__WHAT IS REQUIRED__: Once you reach the line containing "Foto de Recortado" in the entries below, write out that line and each one after it down to the line containing "TCP beta antibody", exactly and with nothing added.

Entries taken from a collection:
____________________

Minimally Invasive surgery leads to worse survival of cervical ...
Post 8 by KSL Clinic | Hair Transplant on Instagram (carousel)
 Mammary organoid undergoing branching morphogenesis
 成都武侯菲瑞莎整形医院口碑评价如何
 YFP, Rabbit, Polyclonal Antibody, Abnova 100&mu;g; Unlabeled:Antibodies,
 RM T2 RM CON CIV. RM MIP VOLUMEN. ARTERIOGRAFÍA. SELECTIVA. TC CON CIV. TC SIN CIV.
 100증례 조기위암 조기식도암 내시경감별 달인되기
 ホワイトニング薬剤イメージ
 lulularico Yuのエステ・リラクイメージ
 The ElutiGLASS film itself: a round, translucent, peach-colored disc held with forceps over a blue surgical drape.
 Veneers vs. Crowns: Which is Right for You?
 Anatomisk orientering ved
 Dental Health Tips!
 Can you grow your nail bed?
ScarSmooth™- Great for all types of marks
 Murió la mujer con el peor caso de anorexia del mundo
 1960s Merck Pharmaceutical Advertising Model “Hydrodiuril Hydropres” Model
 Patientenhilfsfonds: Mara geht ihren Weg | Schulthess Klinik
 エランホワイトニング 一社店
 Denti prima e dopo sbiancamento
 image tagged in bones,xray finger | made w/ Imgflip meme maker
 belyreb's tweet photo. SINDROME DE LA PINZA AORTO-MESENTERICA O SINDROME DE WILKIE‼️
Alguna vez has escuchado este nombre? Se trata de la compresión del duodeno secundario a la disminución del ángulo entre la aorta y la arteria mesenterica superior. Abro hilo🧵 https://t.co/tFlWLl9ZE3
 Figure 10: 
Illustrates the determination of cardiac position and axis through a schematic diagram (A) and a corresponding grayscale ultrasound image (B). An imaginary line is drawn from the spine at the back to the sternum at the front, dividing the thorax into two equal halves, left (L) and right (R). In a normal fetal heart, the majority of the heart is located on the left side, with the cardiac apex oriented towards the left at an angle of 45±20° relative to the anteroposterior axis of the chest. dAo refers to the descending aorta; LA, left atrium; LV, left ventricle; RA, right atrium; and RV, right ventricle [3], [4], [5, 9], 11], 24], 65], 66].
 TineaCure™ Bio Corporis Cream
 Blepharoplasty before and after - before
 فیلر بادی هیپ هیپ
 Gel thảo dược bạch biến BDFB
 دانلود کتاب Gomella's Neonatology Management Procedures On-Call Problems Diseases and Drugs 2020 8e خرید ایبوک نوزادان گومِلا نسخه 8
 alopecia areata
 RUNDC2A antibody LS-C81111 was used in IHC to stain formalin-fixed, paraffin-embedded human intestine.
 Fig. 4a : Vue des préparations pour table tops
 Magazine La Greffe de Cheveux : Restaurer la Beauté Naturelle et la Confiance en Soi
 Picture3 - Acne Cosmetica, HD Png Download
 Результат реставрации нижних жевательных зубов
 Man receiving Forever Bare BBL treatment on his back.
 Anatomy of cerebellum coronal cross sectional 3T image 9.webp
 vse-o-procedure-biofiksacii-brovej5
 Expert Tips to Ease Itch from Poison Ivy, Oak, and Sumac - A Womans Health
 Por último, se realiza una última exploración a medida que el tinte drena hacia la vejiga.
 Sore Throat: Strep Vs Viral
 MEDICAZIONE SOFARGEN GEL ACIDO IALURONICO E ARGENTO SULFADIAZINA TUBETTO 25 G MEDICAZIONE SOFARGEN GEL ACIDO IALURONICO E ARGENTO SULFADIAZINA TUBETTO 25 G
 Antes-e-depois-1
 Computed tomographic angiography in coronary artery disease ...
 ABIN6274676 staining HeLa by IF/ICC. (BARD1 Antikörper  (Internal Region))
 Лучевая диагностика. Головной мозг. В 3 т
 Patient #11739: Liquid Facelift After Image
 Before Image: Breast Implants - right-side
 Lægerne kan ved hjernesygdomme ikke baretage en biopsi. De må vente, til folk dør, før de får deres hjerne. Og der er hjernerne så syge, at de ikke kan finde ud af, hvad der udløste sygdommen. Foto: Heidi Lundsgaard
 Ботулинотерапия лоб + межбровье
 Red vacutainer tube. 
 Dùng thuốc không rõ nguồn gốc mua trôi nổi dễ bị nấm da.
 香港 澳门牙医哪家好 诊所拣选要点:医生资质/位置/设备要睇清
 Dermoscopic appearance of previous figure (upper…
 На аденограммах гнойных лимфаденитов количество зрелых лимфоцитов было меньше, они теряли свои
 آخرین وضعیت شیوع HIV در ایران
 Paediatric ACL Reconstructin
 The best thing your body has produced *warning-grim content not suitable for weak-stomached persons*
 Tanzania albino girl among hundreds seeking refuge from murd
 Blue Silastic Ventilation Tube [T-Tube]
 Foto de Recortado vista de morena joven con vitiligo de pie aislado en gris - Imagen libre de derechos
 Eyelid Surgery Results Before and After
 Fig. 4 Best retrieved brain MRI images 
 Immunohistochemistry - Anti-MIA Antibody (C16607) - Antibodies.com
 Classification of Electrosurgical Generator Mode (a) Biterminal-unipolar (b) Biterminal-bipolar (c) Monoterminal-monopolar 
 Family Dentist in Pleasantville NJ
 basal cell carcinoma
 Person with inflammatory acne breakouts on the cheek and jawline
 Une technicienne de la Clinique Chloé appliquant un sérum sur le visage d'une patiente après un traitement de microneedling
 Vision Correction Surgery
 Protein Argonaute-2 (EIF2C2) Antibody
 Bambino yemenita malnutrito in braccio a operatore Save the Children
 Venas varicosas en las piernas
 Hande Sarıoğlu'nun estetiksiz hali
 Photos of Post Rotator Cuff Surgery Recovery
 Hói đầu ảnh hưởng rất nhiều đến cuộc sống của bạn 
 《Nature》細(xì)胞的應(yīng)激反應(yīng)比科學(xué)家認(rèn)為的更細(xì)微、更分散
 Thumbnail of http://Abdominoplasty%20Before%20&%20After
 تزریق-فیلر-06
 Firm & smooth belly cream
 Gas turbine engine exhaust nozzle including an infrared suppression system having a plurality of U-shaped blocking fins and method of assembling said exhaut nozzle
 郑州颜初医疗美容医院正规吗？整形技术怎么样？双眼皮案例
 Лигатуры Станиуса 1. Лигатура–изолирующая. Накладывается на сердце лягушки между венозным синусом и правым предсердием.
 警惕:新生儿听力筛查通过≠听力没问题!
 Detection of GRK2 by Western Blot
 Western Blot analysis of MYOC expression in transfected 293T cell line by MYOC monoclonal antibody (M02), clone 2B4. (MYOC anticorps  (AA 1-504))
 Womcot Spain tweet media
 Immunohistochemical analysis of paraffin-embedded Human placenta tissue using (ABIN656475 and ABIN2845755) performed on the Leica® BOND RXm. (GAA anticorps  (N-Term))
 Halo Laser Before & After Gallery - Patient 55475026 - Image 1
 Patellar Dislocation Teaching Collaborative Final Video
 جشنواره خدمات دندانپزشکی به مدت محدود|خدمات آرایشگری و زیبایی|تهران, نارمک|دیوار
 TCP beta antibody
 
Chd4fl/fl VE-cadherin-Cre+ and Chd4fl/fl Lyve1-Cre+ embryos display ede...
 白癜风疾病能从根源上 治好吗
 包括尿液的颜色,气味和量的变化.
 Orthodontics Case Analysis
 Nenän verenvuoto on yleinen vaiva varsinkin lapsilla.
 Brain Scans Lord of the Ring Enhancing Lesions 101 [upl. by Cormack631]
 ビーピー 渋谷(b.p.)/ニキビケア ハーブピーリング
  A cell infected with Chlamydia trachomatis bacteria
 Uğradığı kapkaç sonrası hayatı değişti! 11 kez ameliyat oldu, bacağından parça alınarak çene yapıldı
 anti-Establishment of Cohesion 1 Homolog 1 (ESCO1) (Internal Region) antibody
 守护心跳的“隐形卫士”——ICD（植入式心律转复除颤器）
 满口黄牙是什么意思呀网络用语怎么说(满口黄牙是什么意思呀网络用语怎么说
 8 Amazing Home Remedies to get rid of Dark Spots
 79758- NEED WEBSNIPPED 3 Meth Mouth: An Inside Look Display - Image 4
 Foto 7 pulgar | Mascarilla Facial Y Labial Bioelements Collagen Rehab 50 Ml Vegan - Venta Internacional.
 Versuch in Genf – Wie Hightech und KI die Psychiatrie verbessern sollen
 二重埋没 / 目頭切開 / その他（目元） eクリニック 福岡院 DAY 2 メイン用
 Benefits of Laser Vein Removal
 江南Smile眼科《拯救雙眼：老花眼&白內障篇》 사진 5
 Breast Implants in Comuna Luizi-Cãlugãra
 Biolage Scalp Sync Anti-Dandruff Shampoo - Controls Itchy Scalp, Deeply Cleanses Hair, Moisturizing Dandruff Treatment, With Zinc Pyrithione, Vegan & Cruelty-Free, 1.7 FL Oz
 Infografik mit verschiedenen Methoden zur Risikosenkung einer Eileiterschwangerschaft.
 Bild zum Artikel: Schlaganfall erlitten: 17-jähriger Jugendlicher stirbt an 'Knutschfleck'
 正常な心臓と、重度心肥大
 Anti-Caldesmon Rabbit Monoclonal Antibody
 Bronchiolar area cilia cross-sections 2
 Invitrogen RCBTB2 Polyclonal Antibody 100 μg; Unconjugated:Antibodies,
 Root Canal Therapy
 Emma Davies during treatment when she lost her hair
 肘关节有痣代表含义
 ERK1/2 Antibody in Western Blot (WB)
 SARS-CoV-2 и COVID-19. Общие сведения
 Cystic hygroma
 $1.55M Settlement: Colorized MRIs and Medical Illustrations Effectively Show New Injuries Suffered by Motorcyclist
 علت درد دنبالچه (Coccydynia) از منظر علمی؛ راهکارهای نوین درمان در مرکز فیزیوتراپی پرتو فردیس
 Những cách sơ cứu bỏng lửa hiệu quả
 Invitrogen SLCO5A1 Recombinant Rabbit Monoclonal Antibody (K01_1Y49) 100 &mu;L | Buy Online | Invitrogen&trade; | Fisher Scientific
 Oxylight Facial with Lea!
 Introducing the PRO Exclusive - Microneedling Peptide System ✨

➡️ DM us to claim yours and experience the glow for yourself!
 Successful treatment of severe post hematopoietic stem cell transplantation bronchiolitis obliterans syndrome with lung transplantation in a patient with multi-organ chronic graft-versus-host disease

____________________

__WRITTEN RESPONSE__:
 Foto de Recortado vista de morena joven con vitiligo de pie aislado en gris - Imagen libre de derechos
 Eyelid Surgery Results Before and After
 Fig. 4 Best retrieved brain MRI images 
 Immunohistochemistry - Anti-MIA Antibody (C16607) - Antibodies.com
 Classification of Electrosurgical Generator Mode (a) Biterminal-unipolar (b) Biterminal-bipolar (c) Monoterminal-monopolar 
 Family Dentist in Pleasantville NJ
 basal cell carcinoma
 Person with inflammatory acne breakouts on the cheek and jawline
 Une technicienne de la Clinique Chloé appliquant un sérum sur le visage d'une patiente après un traitement de microneedling
 Vision Correction Surgery
 Protein Argonaute-2 (EIF2C2) Antibody
 Bambino yemenita malnutrito in braccio a operatore Save the Children
 Venas varicosas en las piernas
 Hande Sarıoğlu'nun estetiksiz hali
 Photos of Post Rotator Cuff Surgery Recovery
 Hói đầu ảnh hưởng rất nhiều đến cuộc sống của bạn 
 《Nature》細(xì)胞的應(yīng)激反應(yīng)比科學(xué)家認(rèn)為的更細(xì)微、更分散
 Thumbnail of http://Abdominoplasty%20Before%20&%20After
 تزریق-فیلر-06
 Firm & smooth belly cream
 Gas turbine engine exhaust nozzle including an infrared suppression system having a plurality of U-shaped blocking fins and method of assembling said exhaut nozzle
 郑州颜初医疗美容医院正规吗？整形技术怎么样？双眼皮案例
 Лигатуры Станиуса 1. Лигатура–изолирующая. Накладывается на сердце лягушки между венозным синусом и правым предсердием.
 警惕:新生儿听力筛查通过≠听力没问题!
 Detection of GRK2 by Western Blot
 Western Blot analysis of MYOC expression in transfected 293T cell line by MYOC monoclonal antibody (M02), clone 2B4. (MYOC anticorps  (AA 1-504))
 Womcot Spain tweet media
 Immunohistochemical analysis of paraffin-embedded Human placenta tissue using (ABIN656475 and ABIN2845755) performed on the Leica® BOND RXm. (GAA anticorps  (N-Term))
 Halo Laser Before & After Gallery - Patient 55475026 - Image 1
 Patellar Dislocation Teaching Collaborative Final Video
 جشنواره خدمات دندانپزشکی به مدت محدود|خدمات آرایشگری و زیبایی|تهران, نارمک|دیوار
 TCP beta antibody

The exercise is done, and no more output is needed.